(Items from a dataset)

----------------------------------------

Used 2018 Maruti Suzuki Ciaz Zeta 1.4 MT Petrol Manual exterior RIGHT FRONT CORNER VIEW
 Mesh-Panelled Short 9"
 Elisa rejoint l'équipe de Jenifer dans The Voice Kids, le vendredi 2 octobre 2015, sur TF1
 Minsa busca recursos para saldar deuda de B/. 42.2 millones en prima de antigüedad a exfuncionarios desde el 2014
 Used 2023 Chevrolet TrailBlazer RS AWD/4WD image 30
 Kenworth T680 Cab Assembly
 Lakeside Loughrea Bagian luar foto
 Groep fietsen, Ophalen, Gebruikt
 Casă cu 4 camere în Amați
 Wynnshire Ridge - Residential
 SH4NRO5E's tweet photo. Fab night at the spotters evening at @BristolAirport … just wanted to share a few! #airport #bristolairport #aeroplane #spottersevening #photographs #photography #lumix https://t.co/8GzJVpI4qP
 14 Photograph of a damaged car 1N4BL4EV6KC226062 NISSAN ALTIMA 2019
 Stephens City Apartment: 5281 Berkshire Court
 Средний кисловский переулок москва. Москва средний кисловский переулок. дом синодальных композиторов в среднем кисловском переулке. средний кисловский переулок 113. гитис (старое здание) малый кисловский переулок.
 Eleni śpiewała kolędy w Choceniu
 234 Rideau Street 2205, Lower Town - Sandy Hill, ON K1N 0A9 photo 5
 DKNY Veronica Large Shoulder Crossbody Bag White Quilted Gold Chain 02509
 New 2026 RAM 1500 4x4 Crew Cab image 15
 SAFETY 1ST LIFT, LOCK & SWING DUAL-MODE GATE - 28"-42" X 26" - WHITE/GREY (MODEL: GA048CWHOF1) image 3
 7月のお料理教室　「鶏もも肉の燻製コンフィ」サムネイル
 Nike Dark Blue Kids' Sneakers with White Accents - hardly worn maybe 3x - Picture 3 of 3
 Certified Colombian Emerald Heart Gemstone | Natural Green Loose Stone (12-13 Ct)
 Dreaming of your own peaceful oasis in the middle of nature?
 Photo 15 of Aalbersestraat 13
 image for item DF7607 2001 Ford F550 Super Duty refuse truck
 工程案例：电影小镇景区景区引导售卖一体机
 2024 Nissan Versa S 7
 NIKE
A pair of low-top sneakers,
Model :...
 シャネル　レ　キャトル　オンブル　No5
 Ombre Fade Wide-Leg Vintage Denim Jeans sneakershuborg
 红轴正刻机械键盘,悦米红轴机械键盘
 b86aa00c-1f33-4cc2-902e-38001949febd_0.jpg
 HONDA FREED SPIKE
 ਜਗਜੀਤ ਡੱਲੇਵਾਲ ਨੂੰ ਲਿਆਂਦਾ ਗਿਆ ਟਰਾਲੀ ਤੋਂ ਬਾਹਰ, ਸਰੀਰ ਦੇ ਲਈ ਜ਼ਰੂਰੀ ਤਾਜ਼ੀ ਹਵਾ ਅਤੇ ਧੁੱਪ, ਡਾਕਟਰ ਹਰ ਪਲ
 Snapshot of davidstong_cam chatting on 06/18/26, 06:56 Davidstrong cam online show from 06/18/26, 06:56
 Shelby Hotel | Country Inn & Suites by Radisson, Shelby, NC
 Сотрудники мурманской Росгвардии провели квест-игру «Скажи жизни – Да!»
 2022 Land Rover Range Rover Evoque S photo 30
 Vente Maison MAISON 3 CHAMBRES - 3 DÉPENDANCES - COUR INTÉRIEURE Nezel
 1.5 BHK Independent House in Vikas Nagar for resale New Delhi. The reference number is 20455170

----------------------------------------

Restate exactly, and only, every line from the one that contains "Eleni śpiewała kolędy w Choceniu" through the last line of the records.

> **SOLVED PROBLEM**
 Eleni śpiewała kolędy w Choceniu
 234 Rideau Street 2205, Lower Town - Sandy Hill, ON K1N 0A9 photo 5
 DKNY Veronica Large Shoulder Crossbody Bag White Quilted Gold Chain 02509
 New 2026 RAM 1500 4x4 Crew Cab image 15
 SAFETY 1ST LIFT, LOCK & SWING DUAL-MODE GATE - 28"-42" X 26" - WHITE/GREY (MODEL: GA048CWHOF1) image 3
 7月のお料理教室　「鶏もも肉の燻製コンフィ」サムネイル
 Nike Dark Blue Kids' Sneakers with White Accents - hardly worn maybe 3x - Picture 3 of 3
 Certified Colombian Emerald Heart Gemstone | Natural Green Loose Stone (12-13 Ct)
 Dreaming of your own peaceful oasis in the middle of nature?
 Photo 15 of Aalbersestraat 13
 image for item DF7607 2001 Ford F550 Super Duty refuse truck
 工程案例：电影小镇景区景区引导售卖一体机
 2024 Nissan Versa S 7
 NIKE
A pair of low-top sneakers,
Model :...
 シャネル　レ　キャトル　オンブル　No5
 Ombre Fade Wide-Leg Vintage Denim Jeans sneakershuborg
 红轴正刻机械键盘,悦米红轴机械键盘
 b86aa00c-1f33-4cc2-902e-38001949febd_0.jpg
 HONDA FREED SPIKE
 ਜਗਜੀਤ ਡੱਲੇਵਾਲ ਨੂੰ ਲਿਆਂਦਾ ਗਿਆ ਟਰਾਲੀ ਤੋਂ ਬਾਹਰ, ਸਰੀਰ ਦੇ ਲਈ ਜ਼ਰੂਰੀ ਤਾਜ਼ੀ ਹਵਾ ਅਤੇ ਧੁੱਪ, ਡਾਕਟਰ ਹਰ ਪਲ
 Snapshot of davidstong_cam chatting on 06/18/26, 06:56 Davidstrong cam online show from 06/18/26, 06:56
 Shelby Hotel | Country Inn & Suites by Radisson, Shelby, NC
 Сотрудники мурманской Росгвардии провели квест-игру «Скажи жизни – Да!»
 2022 Land Rover Range Rover Evoque S photo 30
 Vente Maison MAISON 3 CHAMBRES - 3 DÉPENDANCES - COUR INTÉRIEURE Nezel
 1.5 BHK Independent House in Vikas Nagar for resale New Delhi. The reference number is 20455170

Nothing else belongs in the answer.